Oder ob die Umstände für mich sogar mehr Aufwand als Möglichkeit werden. Das werde ich die nächsten Tage für mich (und in Absprache mit hier) klären.

 

Ich möchte mich an dieser Stelle noch gezielt an das Personal hier wenden:

Es tut mir leid, wenn ich jemanden gekränkt habe oder ähnliches. Ich hab mir immer Mühe gegeben, niemanden namentlich zu nennen oder so, dass er erkannt wird. Es ging mir auch nicht darum jemanden an den Pranger oder bloß zu stellen.

Für mich ist das hier (und zwar schon viele Jahre – seit August 2009 – und nicht nur diese Wochen jetzt) – ein (Therapie-)Tagebuch. Es geht um mich, wie Dinge für mich sind, ankommen, aber auch um mir mal Luft zu machen oder Dinge loszuwerden.

Beim Schreiben klärt sich für mich oft vieles. Es gehört für mich dazu und ist auch ein Stück weit Therapie und definitiv eine Ressource.

Der Blog ist mein Tagebuch, es geht darum wie es mir geht, was sich tut, wie es ist – im Alltag – mit Einschränkungen, Hilfen, Freud und Leid. Weil das alles zum Alltag dazugehört.

Es ist auch Skill und ein Ventil – das Schreiben hilft mir zu sortieren, hinterfragen, reflektieren – einfach mal loswerden und damit überhaupt Raum für andere Sichtweisen zu schaffen.

Über die Zeit geht es für mich auch darum zu dokumentieren, was hab ich erreicht, was hat sich geändert, welche Themen sind auch noch nach Jahren immer wieder da, welche Bewältigungsstrategien hab ich und welche gab es früher – was hat sich schlicht in den Jahren getan. Was hat geholfen, was weniger.

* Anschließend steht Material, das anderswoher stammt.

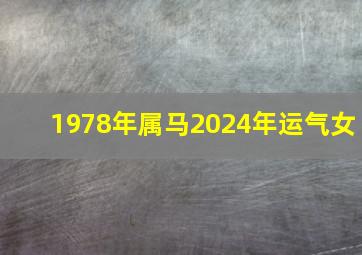 1978年属马2024年运气女,1978年属马人2024年的运势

Und solange ich in der Klinik bin, geht es eben auch um die Klinik und die Termine, die ich habe – ebenso wie die Kontakte. Da ich vom Personal jetzt nicht so viel Kontakt habe (zumindest in der Art, dass er dann hier als Termin auch Eingang findet im Blog), finde ich schade, dass das jetzt hier plötzlich so Thema und Problem wird.

Von meinen Lesern weiß keiner einen Namen. Es gibt viele Therapeutinnen, viele Ärztinnen, viele Mitarbeiter in vielen Bereichen in diesem Haus, das muss schon ein Insider sein, der dann Zusammenhänge erkennen kann. Ein Insider, der auch genau weiß mit wem ich wann wieviele Termine hatte. Mir war immer wichtig, da keine Namen (auch keine Spitznamen!) zu nennen.

Von den Mitpatienten hat keiner die Blog-Adresse bekommen – so dass auch hier die Anonymität gewahrt ist.

Darauf hab ich geachtet und es tut mir leid, wenn das nicht ausreichend war oder sich jemand dadurch verletzt fühlt. Das war und ist nicht meine Absicht.

 

Nachtrag: Ein hin und her in den Kommentaren würde die Situation nur noch mehr aufheizen, daher sperre ich diesen Beitrag für Kommentare und möchte meine Leser auch bitten, auch nicht bei anderen Beiträgen hierzu einen Kommentar zu hinterlassen.

Es ist jetzt wie es ist. Ich werde für mich schauen wie ich es in den nächsten 2 Wochen handhaben werde. Sollte ich mich für Passwort entscheiden, werde ich es mit Passwort³ markieren, dieses Passwort werde ich nicht rausgeben. Ob die Beiträge freigeschalten werden, wenn ich wieder zu Hause bin, weiß ich nicht. Das muss ich erst hier mit den Leuten auch klären.